# WHAT IS BEING ASKED
What are the lines, word for word, from the line with "Nissan Townstar TEKNA" up to and including the line with "Hyundai TUCSON 1.6" in the records below? Omit the pictures.

# RECORDS SHOWN
——————————

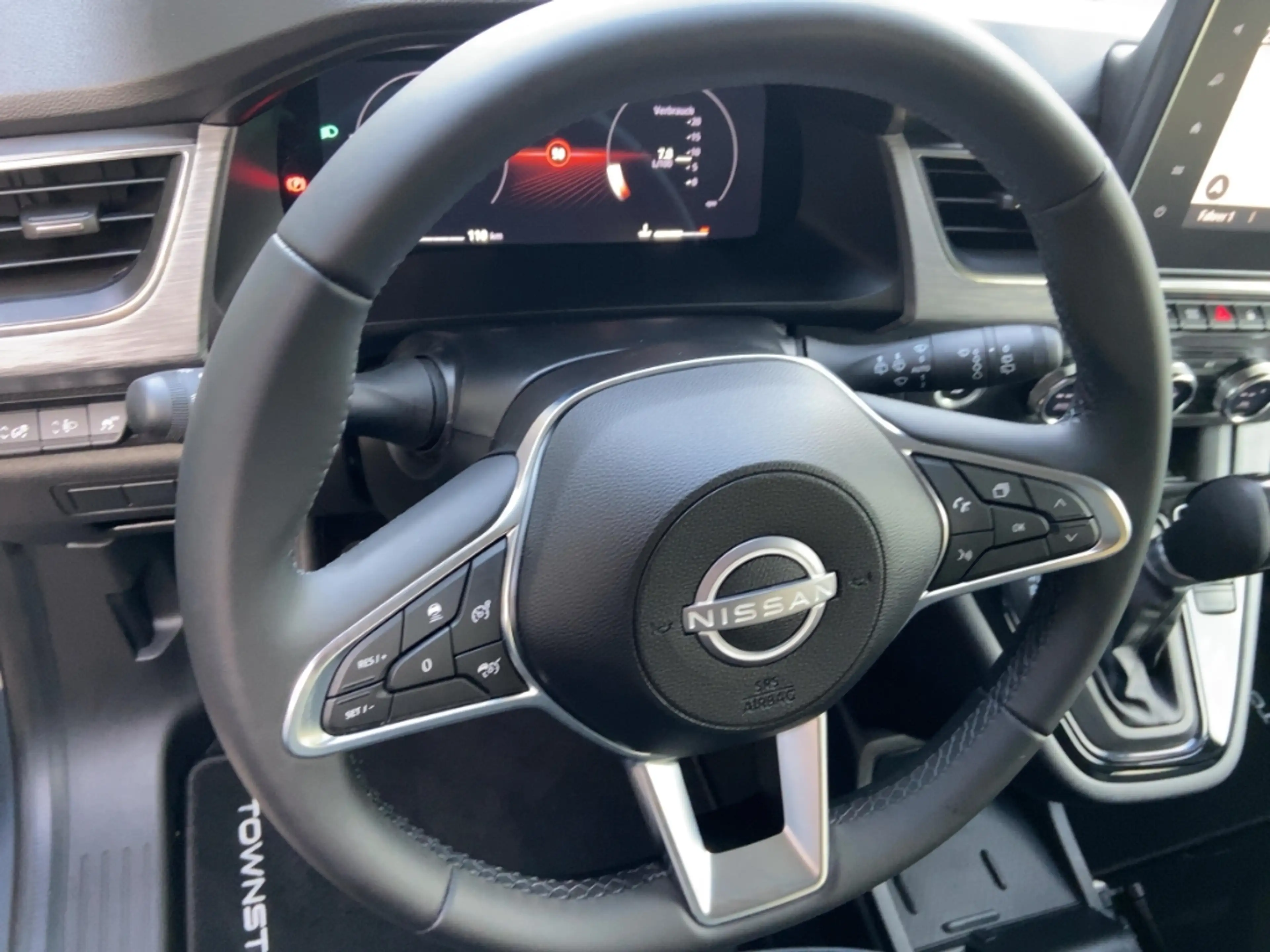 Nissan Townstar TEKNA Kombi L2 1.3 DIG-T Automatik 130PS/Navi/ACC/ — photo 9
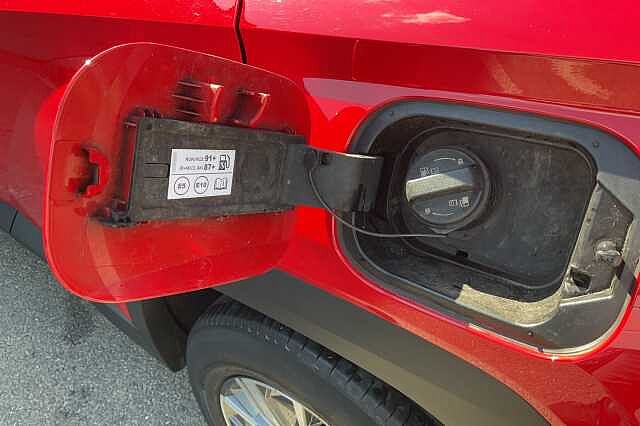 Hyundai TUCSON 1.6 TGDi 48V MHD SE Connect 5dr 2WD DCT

——————————

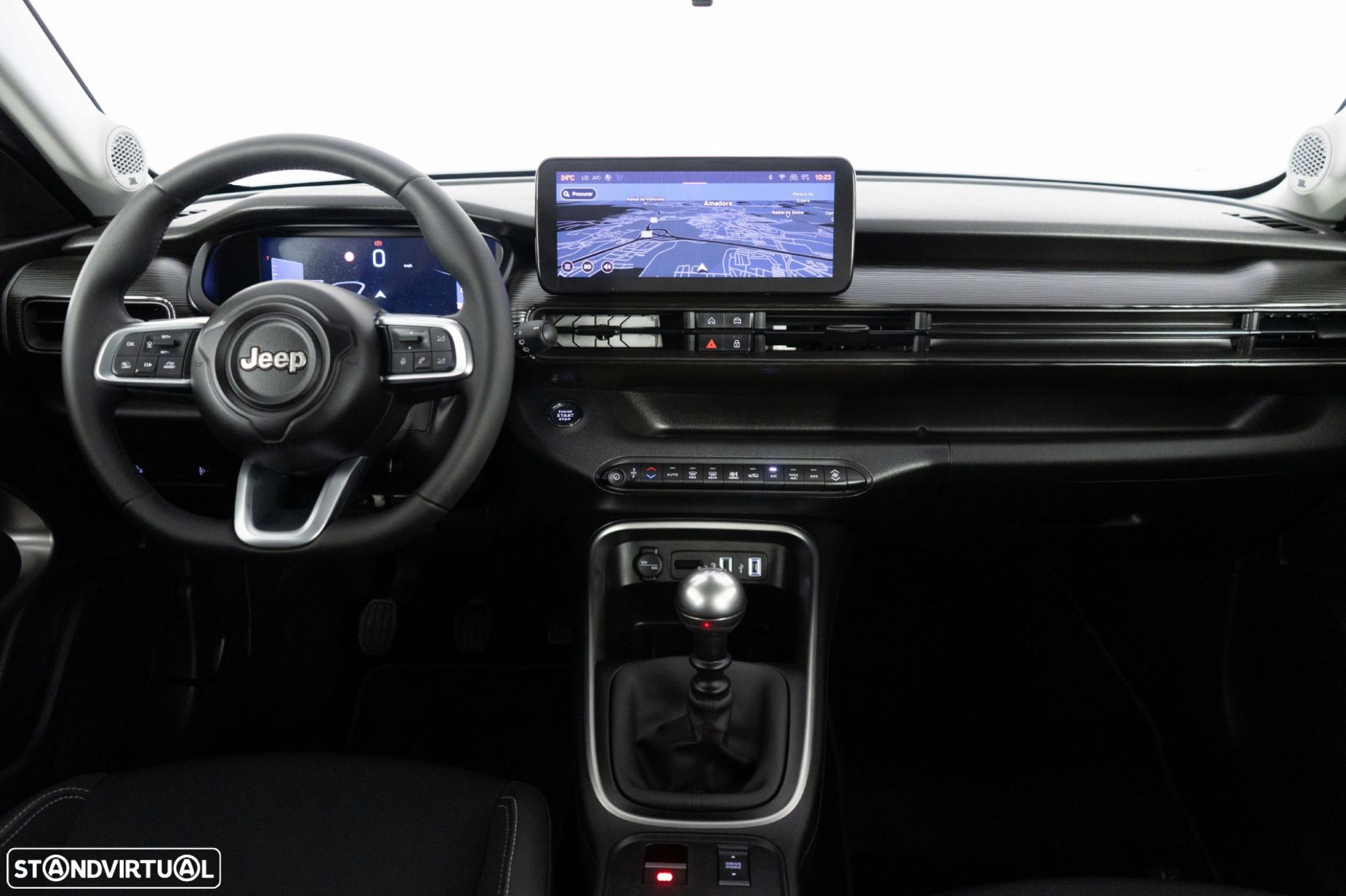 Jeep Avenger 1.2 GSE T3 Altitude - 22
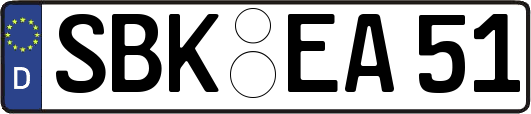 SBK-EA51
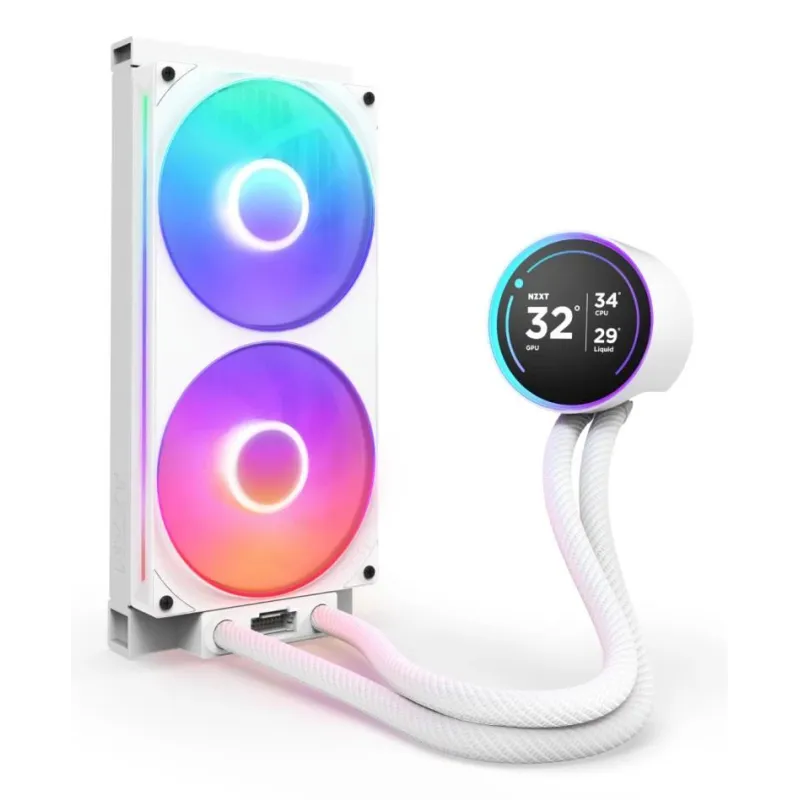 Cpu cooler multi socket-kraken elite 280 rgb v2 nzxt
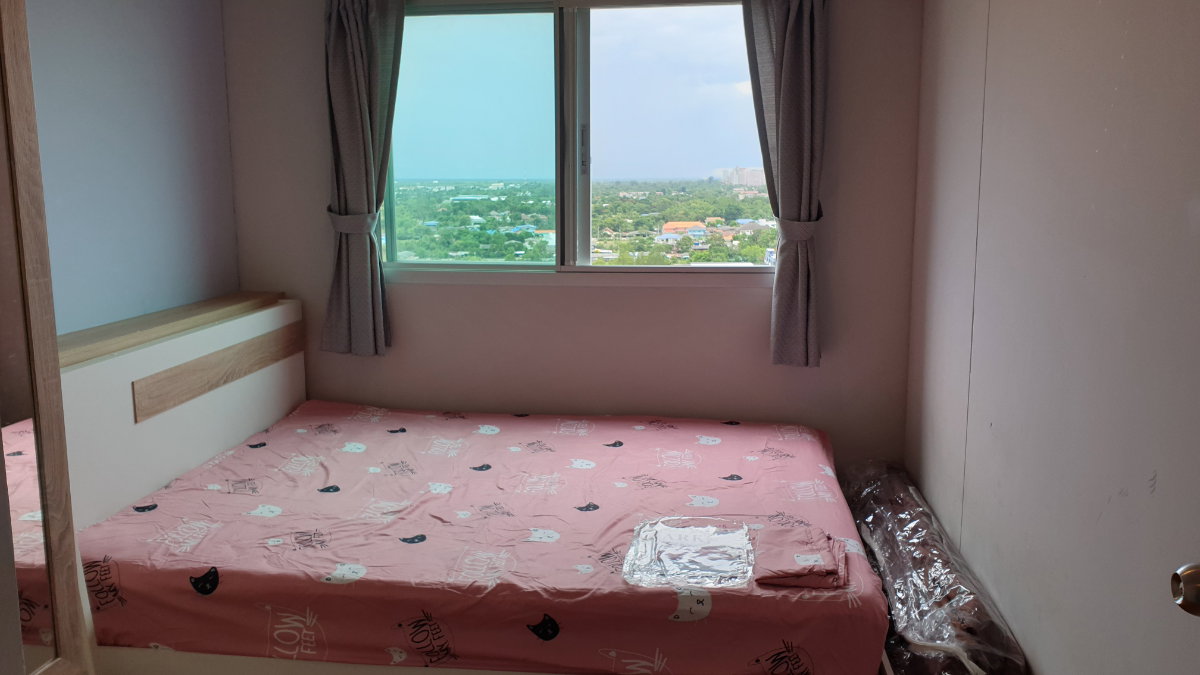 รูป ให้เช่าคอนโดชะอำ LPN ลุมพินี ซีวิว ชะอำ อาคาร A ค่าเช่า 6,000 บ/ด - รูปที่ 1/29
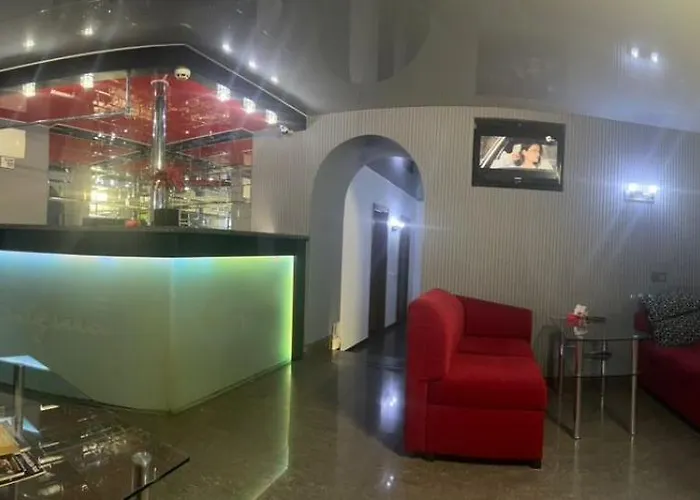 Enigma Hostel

——————————

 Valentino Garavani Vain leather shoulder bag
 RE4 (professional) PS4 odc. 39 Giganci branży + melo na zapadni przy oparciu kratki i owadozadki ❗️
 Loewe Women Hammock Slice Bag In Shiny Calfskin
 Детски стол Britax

——————————

# RESPONSE BELOW
 Nissan Townstar TEKNA Kombi L2 1.3 DIG-T Automatik 130PS/Navi/ACC/ — photo 9
 Hyundai TUCSON 1.6 TGDi 48V MHD SE Connect 5dr 2WD DCT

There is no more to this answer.